▶ [Exercise requirements]: Starting at the line that contains "Joyful white young-adult" and ending at the line that contains "Protestant Church Women's", the lines below are to be given again exactly, with nothing added.

Records from a dataset:
::::
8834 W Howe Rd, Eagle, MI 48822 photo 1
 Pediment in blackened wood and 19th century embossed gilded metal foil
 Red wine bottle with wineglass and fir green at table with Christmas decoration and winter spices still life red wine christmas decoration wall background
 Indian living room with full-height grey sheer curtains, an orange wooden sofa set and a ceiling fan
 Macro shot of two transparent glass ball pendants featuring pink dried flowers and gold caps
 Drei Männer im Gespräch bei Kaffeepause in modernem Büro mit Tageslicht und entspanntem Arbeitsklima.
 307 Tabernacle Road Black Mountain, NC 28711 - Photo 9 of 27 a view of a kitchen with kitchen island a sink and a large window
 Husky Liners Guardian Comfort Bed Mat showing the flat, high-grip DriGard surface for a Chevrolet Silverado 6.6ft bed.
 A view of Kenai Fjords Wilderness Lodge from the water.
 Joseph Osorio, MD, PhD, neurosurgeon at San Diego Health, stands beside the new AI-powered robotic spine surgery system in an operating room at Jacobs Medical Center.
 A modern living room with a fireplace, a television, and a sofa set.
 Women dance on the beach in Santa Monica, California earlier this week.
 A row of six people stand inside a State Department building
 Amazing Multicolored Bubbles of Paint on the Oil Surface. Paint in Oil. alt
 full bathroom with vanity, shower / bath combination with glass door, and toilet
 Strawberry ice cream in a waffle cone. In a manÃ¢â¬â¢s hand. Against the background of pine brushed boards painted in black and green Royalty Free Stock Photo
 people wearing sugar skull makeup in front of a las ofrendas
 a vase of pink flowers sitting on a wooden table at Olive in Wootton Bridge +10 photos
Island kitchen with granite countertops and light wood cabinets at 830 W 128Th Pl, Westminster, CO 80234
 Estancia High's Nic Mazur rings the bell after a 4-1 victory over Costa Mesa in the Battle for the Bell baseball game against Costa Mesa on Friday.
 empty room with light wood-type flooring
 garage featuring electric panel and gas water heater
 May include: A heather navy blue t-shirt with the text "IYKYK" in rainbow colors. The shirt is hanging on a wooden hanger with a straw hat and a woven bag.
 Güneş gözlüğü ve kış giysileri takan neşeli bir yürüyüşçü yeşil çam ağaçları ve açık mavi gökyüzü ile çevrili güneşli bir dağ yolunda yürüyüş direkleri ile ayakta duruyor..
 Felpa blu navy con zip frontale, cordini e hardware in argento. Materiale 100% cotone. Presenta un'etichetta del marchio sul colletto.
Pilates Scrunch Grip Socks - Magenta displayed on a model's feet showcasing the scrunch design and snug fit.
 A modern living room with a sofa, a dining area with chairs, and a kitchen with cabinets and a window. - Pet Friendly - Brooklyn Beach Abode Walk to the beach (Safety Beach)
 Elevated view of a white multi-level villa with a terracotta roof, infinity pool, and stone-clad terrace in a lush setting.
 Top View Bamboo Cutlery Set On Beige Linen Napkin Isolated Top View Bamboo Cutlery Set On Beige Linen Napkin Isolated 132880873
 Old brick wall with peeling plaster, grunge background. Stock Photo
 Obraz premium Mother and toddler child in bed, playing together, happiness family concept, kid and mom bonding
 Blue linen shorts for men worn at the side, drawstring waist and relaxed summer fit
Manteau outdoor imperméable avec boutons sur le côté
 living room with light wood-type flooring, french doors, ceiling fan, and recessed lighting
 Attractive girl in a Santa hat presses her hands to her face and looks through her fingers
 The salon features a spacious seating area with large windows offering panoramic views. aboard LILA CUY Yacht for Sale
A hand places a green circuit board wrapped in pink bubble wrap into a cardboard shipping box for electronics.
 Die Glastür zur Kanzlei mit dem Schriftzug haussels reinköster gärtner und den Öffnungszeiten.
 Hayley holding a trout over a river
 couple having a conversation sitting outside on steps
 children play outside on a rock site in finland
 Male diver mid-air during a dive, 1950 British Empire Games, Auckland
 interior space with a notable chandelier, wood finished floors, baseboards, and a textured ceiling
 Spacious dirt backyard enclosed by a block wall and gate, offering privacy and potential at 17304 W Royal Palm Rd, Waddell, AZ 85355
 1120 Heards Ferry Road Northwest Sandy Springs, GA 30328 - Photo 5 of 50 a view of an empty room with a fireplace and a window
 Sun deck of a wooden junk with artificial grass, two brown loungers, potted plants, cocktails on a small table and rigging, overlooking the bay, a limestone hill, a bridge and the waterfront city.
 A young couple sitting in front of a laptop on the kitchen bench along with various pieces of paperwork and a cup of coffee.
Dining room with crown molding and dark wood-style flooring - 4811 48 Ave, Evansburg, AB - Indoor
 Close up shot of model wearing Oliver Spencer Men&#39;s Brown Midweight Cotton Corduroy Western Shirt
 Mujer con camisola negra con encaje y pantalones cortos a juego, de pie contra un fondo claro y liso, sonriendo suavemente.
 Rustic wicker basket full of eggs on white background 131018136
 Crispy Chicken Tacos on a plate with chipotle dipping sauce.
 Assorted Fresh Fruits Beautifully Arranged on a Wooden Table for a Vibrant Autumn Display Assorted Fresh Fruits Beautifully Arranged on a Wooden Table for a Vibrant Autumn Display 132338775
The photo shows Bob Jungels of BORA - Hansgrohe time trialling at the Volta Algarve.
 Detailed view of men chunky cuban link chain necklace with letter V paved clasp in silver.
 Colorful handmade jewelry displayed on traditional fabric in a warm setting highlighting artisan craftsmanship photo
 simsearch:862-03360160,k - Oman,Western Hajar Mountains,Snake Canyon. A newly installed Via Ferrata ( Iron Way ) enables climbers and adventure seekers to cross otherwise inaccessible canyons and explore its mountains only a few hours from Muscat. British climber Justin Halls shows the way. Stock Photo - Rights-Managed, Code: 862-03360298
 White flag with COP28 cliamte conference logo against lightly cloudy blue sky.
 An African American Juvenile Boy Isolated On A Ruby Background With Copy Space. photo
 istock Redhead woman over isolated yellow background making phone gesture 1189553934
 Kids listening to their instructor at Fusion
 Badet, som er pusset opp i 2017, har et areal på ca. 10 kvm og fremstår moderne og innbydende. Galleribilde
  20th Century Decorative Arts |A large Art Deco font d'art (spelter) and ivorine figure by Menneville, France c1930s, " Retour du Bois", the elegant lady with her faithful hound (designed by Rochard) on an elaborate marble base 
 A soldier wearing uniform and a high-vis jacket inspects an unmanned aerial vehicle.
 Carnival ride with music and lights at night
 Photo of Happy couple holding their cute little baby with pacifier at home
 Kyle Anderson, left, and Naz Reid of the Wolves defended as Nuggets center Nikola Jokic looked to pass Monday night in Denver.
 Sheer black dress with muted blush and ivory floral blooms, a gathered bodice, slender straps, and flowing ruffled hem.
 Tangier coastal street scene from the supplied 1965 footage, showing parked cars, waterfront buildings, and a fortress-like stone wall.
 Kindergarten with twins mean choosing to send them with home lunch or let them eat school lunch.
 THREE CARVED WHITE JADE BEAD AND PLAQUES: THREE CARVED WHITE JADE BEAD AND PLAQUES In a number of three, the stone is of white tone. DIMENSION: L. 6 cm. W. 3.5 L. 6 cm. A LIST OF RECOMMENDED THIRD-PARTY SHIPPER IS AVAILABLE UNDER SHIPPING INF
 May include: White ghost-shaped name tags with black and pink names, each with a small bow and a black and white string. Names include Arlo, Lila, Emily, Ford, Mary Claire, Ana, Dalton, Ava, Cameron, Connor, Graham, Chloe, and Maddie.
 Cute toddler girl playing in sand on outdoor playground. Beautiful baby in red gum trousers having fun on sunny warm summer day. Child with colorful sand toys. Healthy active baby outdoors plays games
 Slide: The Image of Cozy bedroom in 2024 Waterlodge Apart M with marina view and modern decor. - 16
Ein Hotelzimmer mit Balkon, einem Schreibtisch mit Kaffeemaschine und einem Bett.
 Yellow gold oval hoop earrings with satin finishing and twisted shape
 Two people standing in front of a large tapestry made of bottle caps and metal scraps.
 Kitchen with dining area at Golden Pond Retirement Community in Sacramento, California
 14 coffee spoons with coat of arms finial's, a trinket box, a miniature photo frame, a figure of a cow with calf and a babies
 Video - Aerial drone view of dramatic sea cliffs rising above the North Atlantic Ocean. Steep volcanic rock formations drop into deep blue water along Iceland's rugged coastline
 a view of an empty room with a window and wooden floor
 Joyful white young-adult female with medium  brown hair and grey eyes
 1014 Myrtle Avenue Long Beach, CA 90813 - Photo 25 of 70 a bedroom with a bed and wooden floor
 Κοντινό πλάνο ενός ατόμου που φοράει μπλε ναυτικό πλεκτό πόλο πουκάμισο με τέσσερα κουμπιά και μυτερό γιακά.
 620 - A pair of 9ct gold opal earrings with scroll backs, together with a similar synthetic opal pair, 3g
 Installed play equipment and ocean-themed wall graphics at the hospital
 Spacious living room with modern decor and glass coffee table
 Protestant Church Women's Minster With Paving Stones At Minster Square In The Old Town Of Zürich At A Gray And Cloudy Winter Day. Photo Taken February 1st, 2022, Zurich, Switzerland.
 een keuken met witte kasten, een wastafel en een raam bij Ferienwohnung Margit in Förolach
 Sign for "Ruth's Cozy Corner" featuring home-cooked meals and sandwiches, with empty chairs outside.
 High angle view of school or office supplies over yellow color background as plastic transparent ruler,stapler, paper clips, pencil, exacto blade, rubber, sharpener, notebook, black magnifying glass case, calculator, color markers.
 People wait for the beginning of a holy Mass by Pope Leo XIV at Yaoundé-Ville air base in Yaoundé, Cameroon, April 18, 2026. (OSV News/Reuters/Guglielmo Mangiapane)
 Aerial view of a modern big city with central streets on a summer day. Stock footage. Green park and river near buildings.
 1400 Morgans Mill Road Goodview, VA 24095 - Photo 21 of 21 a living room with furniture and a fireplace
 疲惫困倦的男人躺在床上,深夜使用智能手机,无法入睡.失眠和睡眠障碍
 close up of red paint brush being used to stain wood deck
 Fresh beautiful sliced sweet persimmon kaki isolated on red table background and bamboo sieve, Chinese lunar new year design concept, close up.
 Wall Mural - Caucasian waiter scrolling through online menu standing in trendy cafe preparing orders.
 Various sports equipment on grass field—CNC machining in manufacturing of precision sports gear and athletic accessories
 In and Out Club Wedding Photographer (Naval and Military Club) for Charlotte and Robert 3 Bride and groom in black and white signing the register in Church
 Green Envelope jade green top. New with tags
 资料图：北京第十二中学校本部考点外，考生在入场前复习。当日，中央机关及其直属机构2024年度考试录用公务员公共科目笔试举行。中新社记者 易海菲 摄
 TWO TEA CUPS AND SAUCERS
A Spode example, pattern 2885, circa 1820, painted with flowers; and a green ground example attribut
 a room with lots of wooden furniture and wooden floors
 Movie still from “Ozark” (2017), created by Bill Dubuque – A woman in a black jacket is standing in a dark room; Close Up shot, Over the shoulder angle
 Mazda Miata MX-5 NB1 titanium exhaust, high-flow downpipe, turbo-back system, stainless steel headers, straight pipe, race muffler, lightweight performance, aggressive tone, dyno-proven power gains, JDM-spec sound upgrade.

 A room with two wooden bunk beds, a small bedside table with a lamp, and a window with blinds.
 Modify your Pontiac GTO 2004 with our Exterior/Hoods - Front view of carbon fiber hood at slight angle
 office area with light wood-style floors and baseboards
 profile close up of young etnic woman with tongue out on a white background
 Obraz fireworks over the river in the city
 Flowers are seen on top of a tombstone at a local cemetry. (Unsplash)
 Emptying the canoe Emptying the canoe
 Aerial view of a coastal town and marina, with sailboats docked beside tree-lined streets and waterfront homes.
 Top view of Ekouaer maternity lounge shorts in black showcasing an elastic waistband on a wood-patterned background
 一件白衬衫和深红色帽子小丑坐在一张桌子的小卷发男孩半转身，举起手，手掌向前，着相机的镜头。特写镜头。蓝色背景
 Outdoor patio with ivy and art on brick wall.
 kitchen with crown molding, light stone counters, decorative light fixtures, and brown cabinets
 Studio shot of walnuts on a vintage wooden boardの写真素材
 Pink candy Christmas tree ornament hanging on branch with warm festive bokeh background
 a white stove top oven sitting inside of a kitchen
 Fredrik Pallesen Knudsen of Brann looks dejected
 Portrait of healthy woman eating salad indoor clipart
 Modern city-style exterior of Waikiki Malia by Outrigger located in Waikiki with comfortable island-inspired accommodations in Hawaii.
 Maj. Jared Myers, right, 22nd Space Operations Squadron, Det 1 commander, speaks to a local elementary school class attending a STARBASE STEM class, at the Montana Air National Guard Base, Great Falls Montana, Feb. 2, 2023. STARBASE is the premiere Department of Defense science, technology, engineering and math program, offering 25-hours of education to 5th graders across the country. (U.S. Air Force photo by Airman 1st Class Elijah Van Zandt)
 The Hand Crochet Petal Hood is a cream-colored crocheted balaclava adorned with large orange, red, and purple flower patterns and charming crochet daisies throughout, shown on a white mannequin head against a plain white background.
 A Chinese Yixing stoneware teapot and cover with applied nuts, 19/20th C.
::::
▶ [Written reply]:
 Joyful white young-adult female with medium  brown hair and grey eyes
 1014 Myrtle Avenue Long Beach, CA 90813 - Photo 25 of 70 a bedroom with a bed and wooden floor
 Κοντινό πλάνο ενός ατόμου που φοράει μπλε ναυτικό πλεκτό πόλο πουκάμισο με τέσσερα κουμπιά και μυτερό γιακά.
 620 - A pair of 9ct gold opal earrings with scroll backs, together with a similar synthetic opal pair, 3g
 Installed play equipment and ocean-themed wall graphics at the hospital
 Spacious living room with modern decor and glass coffee table
 Protestant Church Women's Minster With Paving Stones At Minster Square In The Old Town Of Zürich At A Gray And Cloudy Winter Day. Photo Taken February 1st, 2022, Zurich, Switzerland.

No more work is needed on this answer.